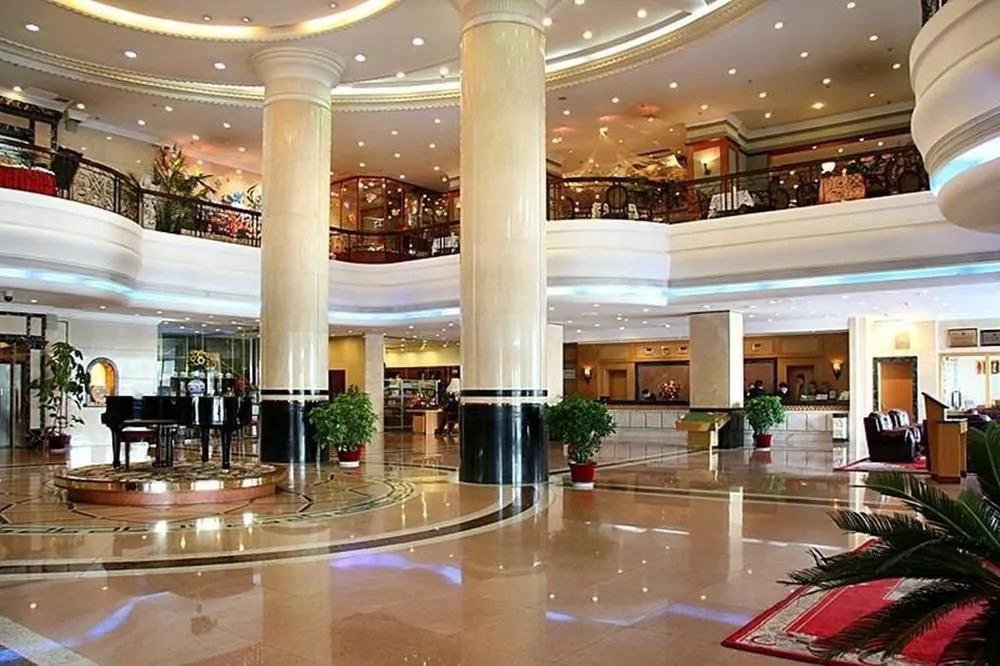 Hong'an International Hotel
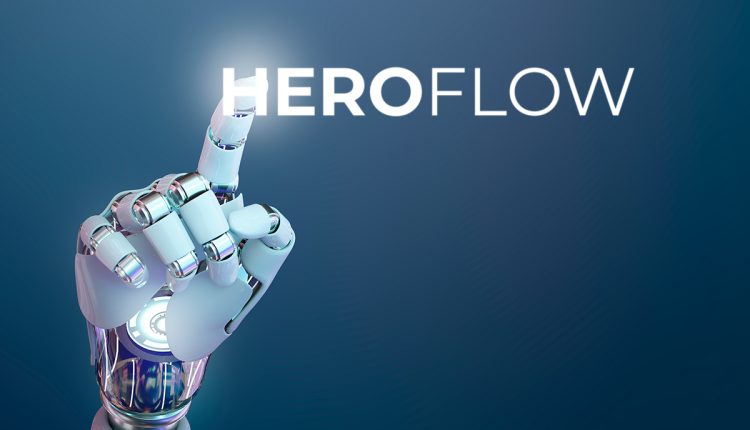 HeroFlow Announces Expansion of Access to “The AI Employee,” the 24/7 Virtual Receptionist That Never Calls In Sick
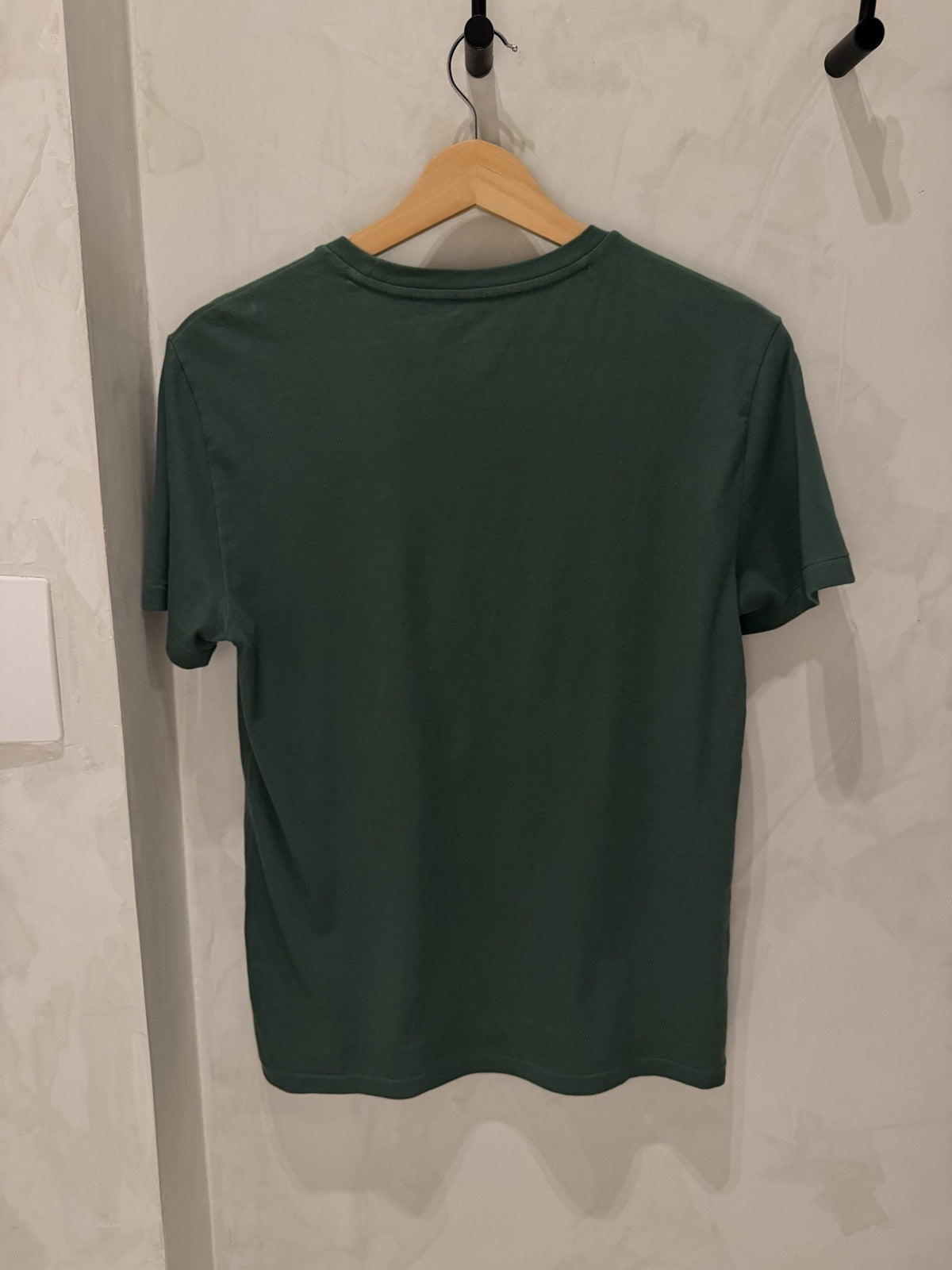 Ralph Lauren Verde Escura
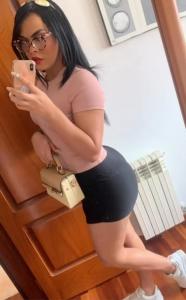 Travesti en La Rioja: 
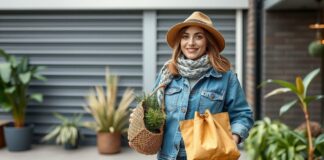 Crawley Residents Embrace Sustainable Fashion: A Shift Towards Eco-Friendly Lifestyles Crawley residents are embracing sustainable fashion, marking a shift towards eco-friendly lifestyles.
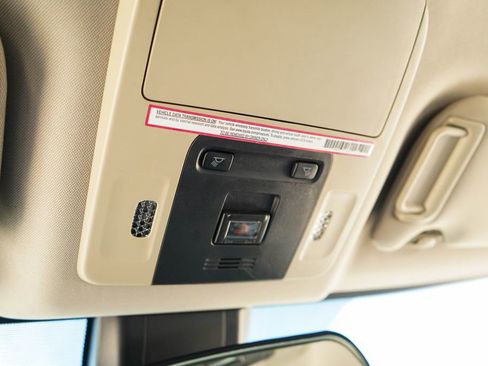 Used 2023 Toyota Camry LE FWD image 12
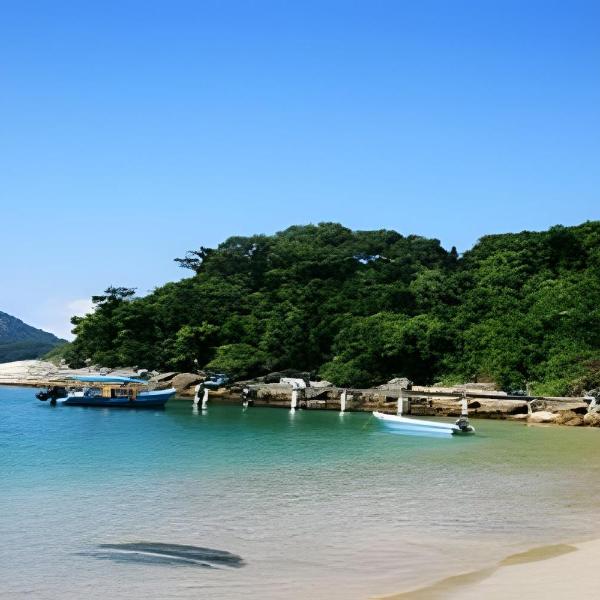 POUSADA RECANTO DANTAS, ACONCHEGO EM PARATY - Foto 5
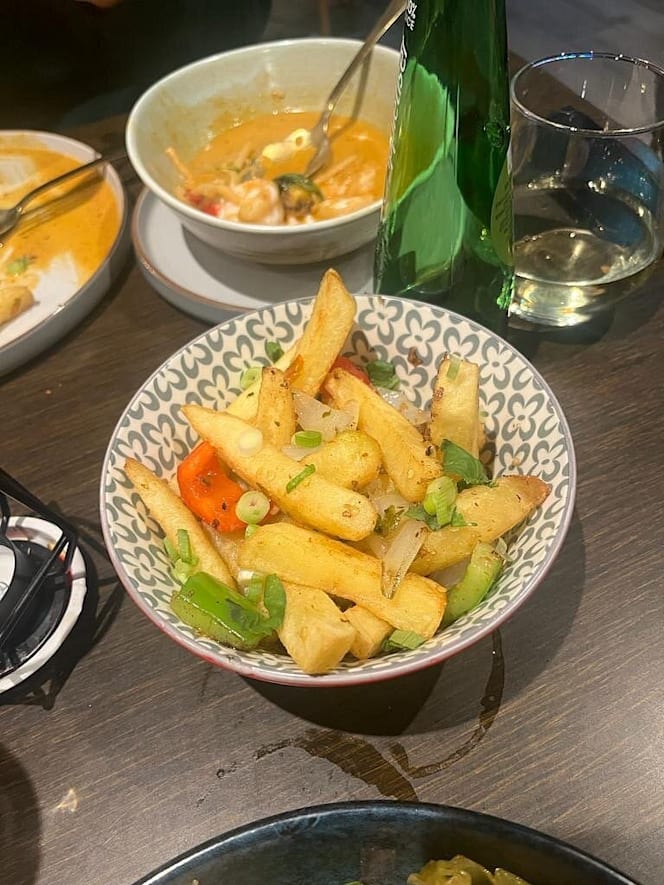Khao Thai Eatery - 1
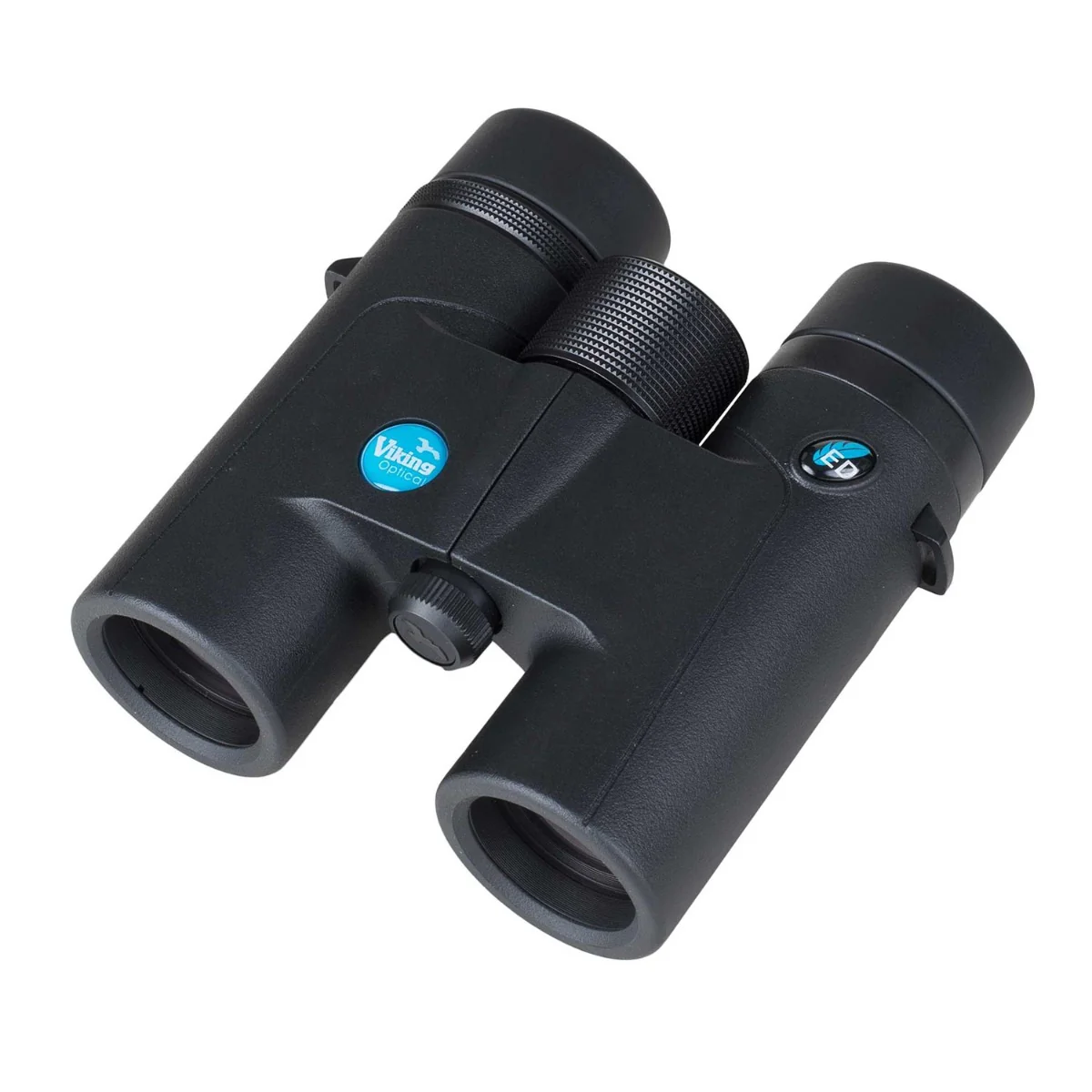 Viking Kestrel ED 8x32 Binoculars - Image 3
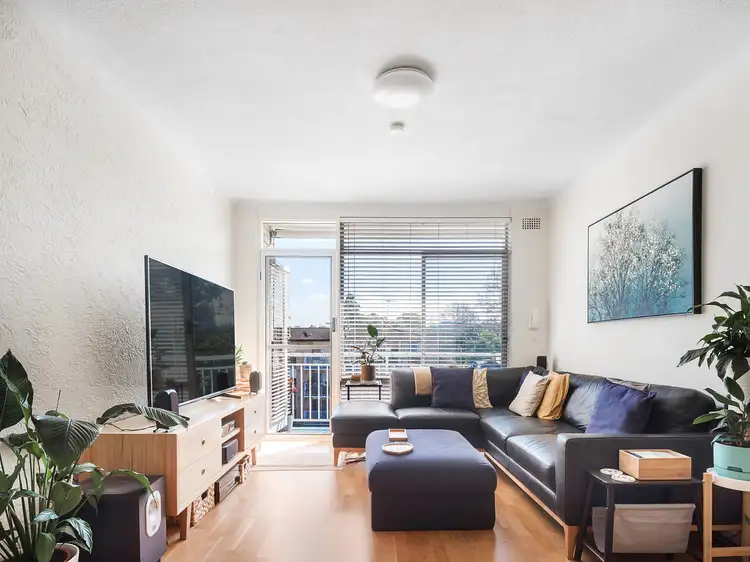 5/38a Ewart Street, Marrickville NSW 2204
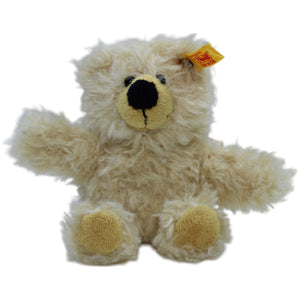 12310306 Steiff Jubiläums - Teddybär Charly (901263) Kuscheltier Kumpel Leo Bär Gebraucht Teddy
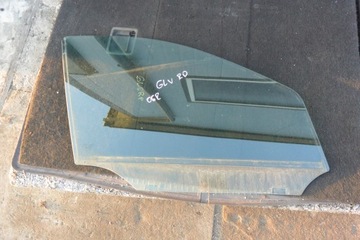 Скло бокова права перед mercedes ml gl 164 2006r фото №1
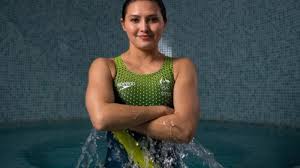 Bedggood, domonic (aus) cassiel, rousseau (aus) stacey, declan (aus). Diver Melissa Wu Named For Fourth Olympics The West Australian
────────
• Your objective
Although pictures appear among the records above, write out exactly only the lines from the one that has "Khao Thai Eatery - 1" through the one that has "Скло бокова права", and leave the pictures out.

• Answer box
Khao Thai Eatery - 1
 Viking Kestrel ED 8x32 Binoculars - Image 3
 5/38a Ewart Street, Marrickville NSW 2204
 12310306 Steiff Jubiläums - Teddybär Charly (901263) Kuscheltier Kumpel Leo Bär Gebraucht Teddy
 Скло бокова права перед mercedes ml gl 164 2006r фото №1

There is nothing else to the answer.